▼▼▼

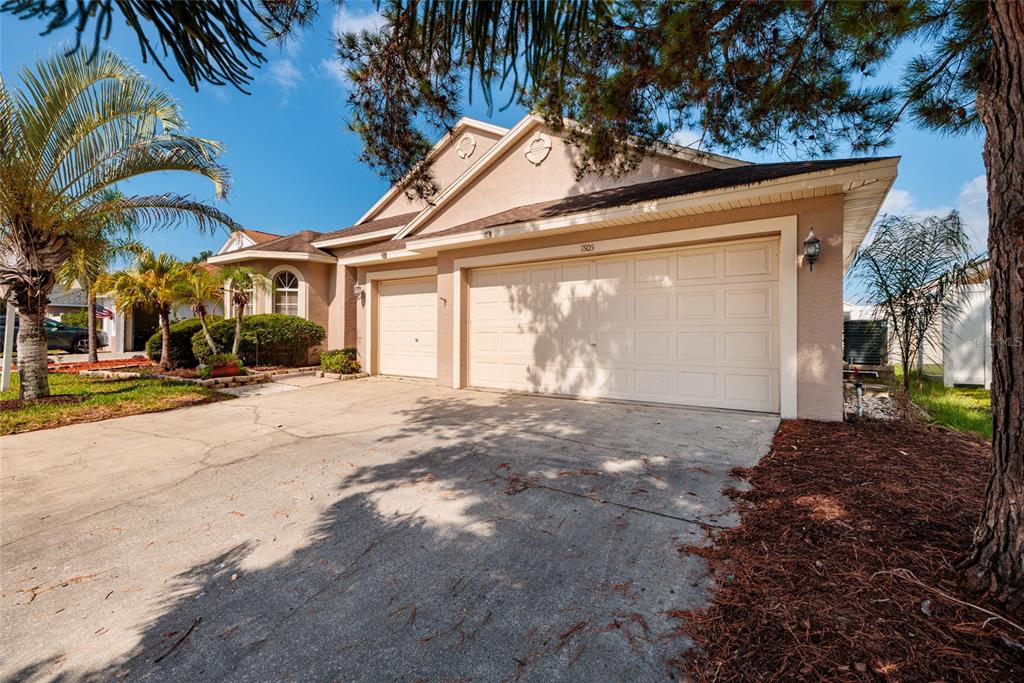 A bathroom features a double vanity with a stone countertop, a soaking tub, and tile flooring — 1805 WOOD BEND STREET, TARPON SPRINGS, FL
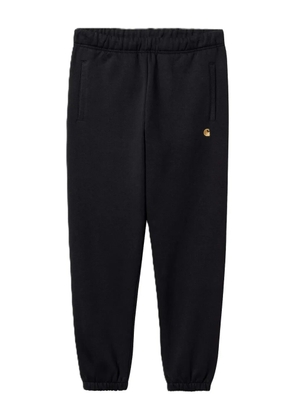 Carhartt WIP logo-detail cuffed track pants - Blue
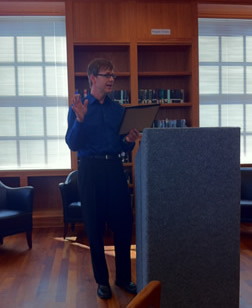 Dr. Randy Hammond presenting an award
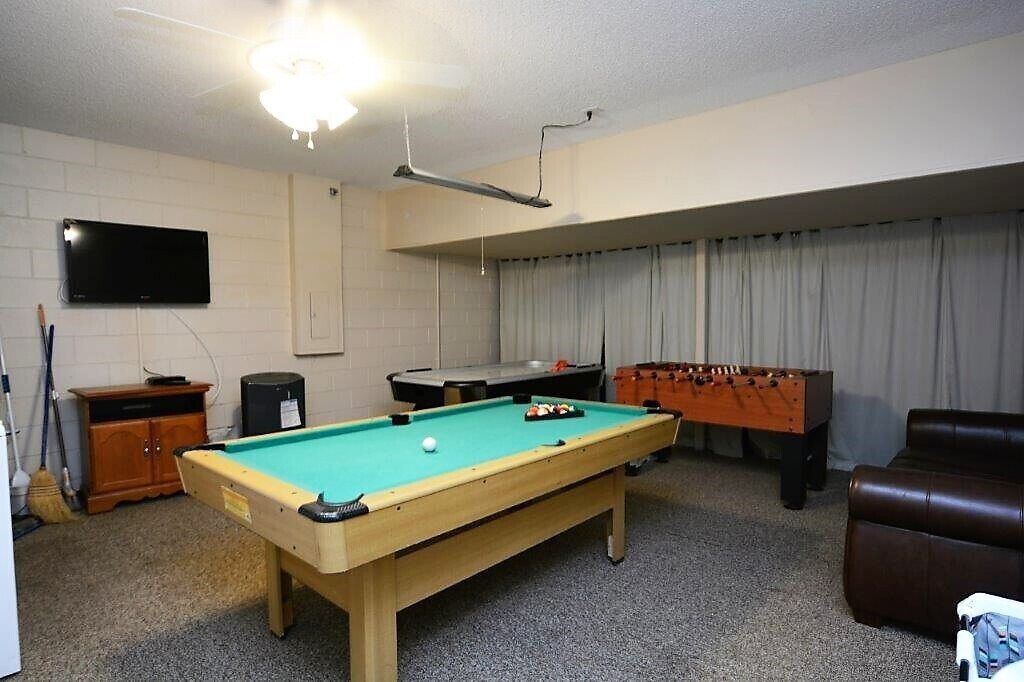 Ein Billardtisch, ein Kicker und ein Fernseher in einem Raum mit Deckenventilator und Vorhängen.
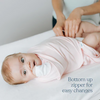 A baby in a light pink outfit has its diaper changed on a table. Text reads: Bottom up zipper for easy changes—perfect with your HALO Eric Carle The Hungry Caterpillar 100% Cotton Swaddle TOG 1.5 or favorite wearable blanket.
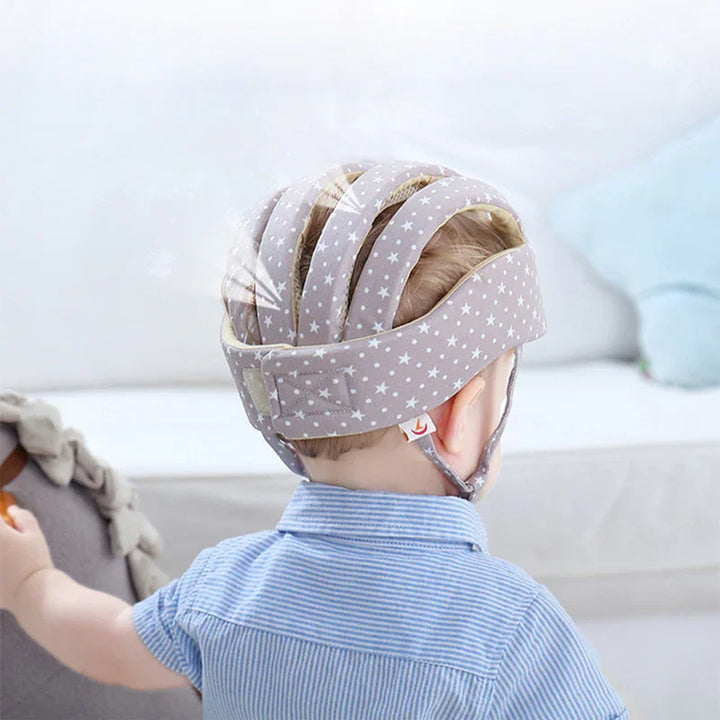 Child wearing a soft padded star-patterned helmet indoors for head protection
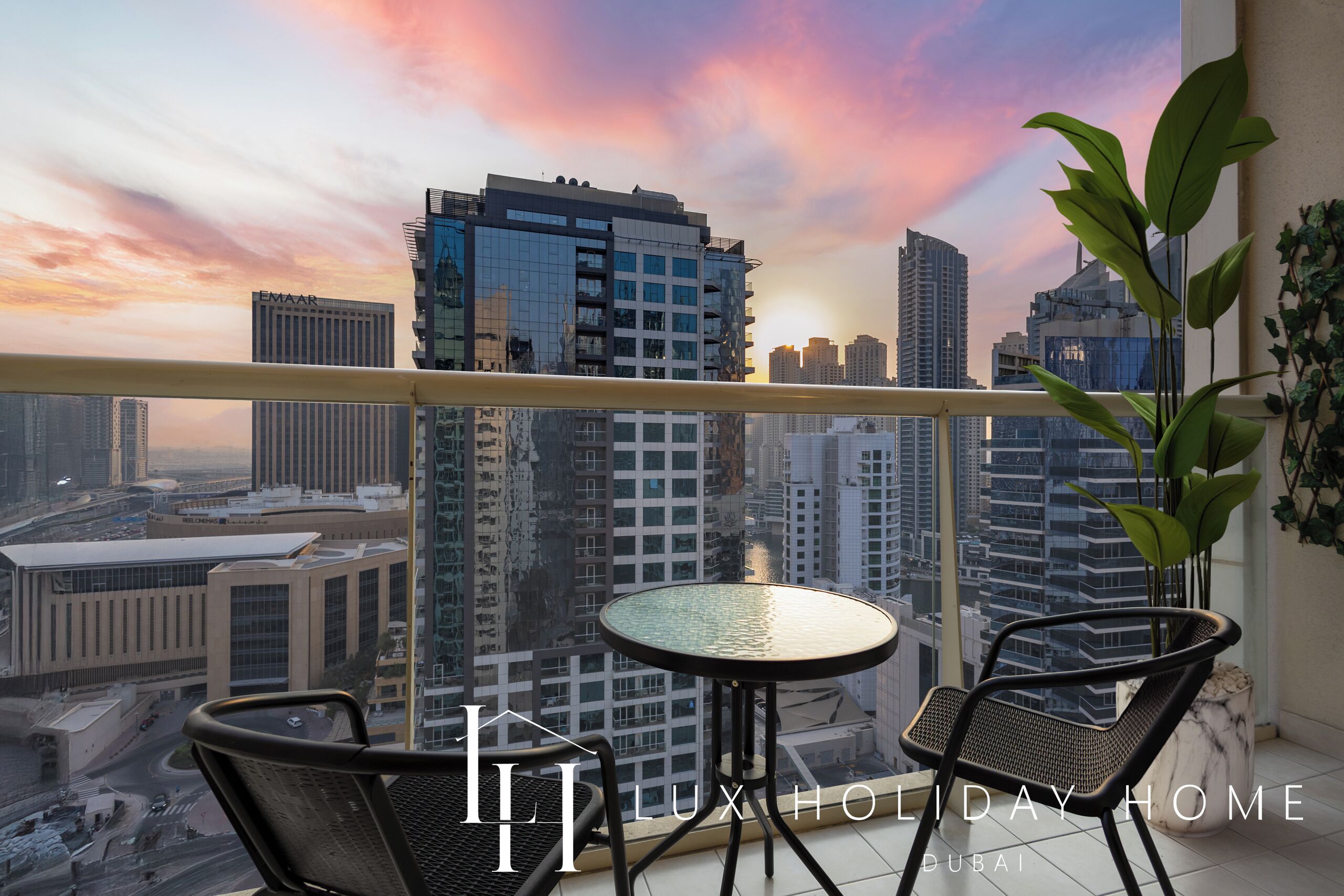 Ein Balkon mit Glastisch und zwei Stühlen mit Blick auf eine Stadtlandschaft, moderne Gebäude und einen Sonnenuntergang.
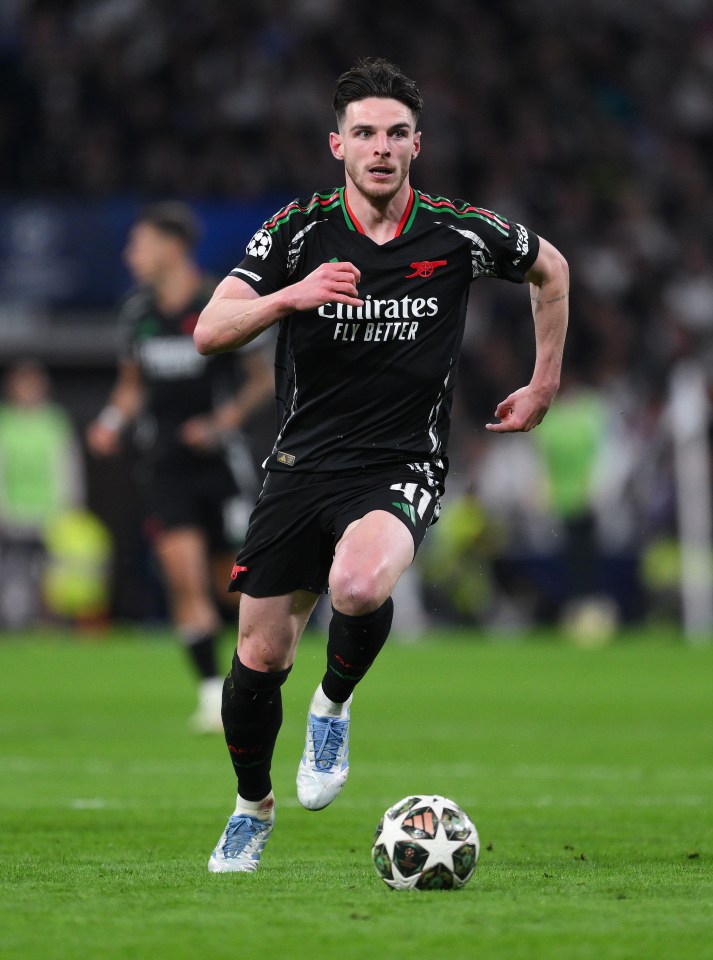 Declan Rice of Arsenal FC running with the ball during a soccer match.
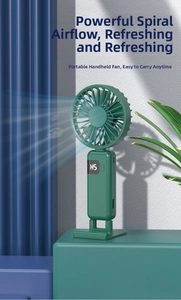 Detail view of portable mini fan with digital display and dark green folding design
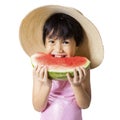 Girl with hat eats watermelon in studio Royalty Free Stock Photo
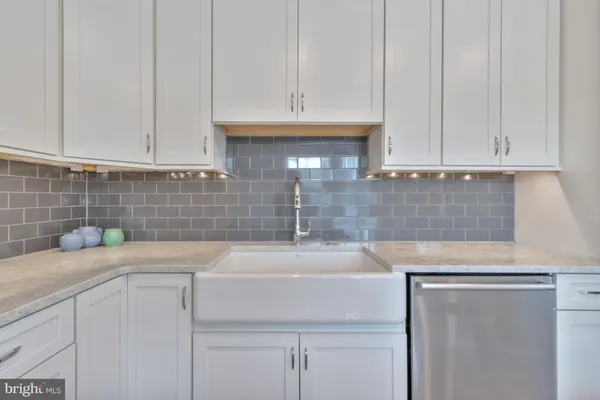 a kitchen with granite countertop white cabinets and stainless steel appliances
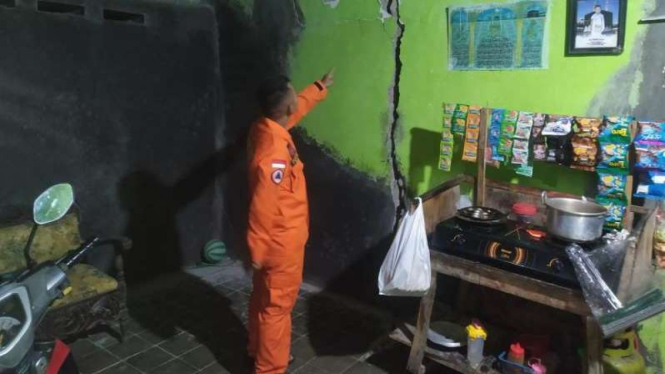 Petugas BPBD Tegal menunjukkan retakan di sebuah rumah.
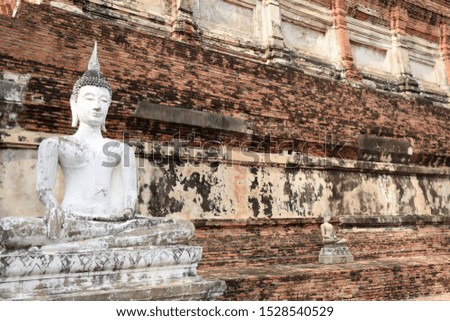 A white Buddha image with a background of clay bricks at Wat Yai Chai Mongkol. Phra Nakhon Si Ayutthaya, Thailand
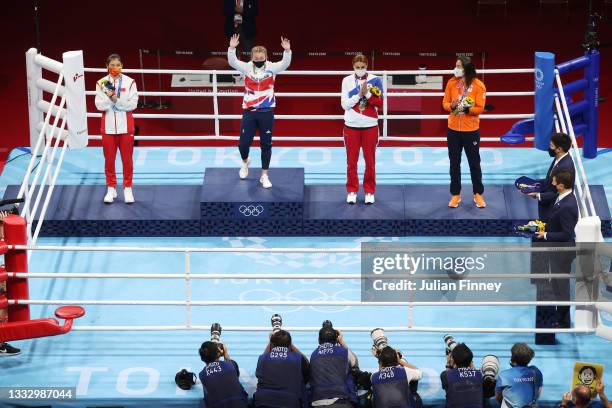 Silver medalist Qian Li of China, gold medalist Lauren Price of Team Great Britain, bronze medalist Zenfira Magomedalieva of Team Russian Olympic...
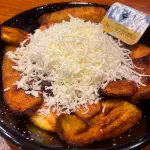 Ración de tajadas con queso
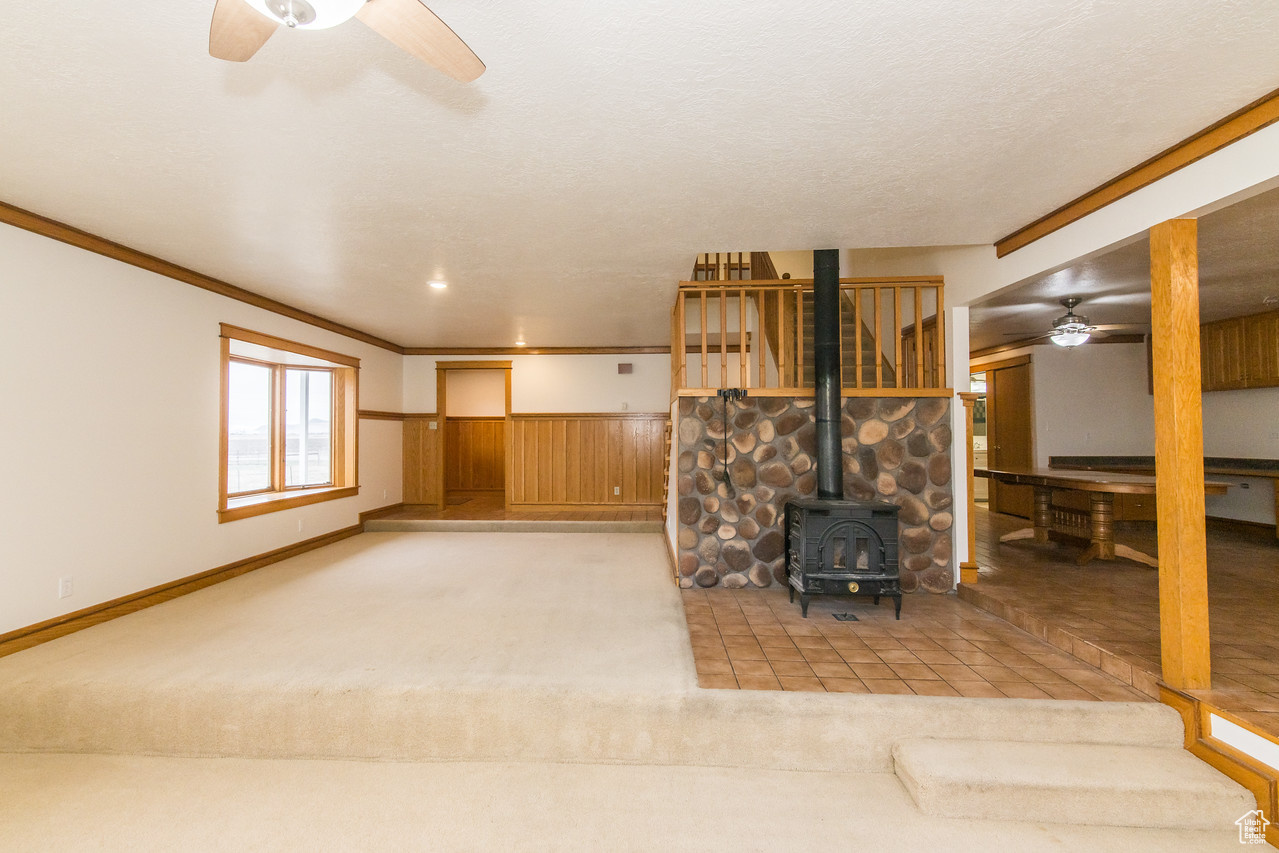 Living room featuring oak molding, light colored carpet, and a wood stove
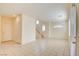 Spacious living area with adjacent kitchen and stairs at 8557 Nature Scene Dr, Las Vegas, NV 89139
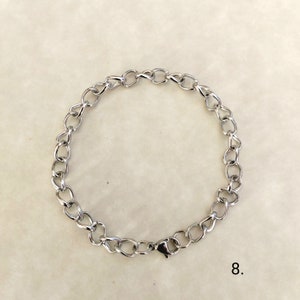 May include: A silver chain bracelet with a lobster clasp closure.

▲▲▲

§ **WHAT YOU NEED TO DO**
With pictures omitted, repeat the entries above word for word from the line holding "Ein Billardtisch, ein" down to the line holding "A baby in a", keeping both of those lines.

§ **SOLUTION TO THIS TASK**
 Ein Billardtisch, ein Kicker und ein Fernseher in einem Raum mit Deckenventilator und Vorhängen.
 A baby in a light pink outfit has its diaper changed on a table. Text reads: Bottom up zipper for easy changes—perfect with your HALO Eric Carle The Hungry Caterpillar 100% Cotton Swaddle TOG 1.5 or favorite wearable blanket.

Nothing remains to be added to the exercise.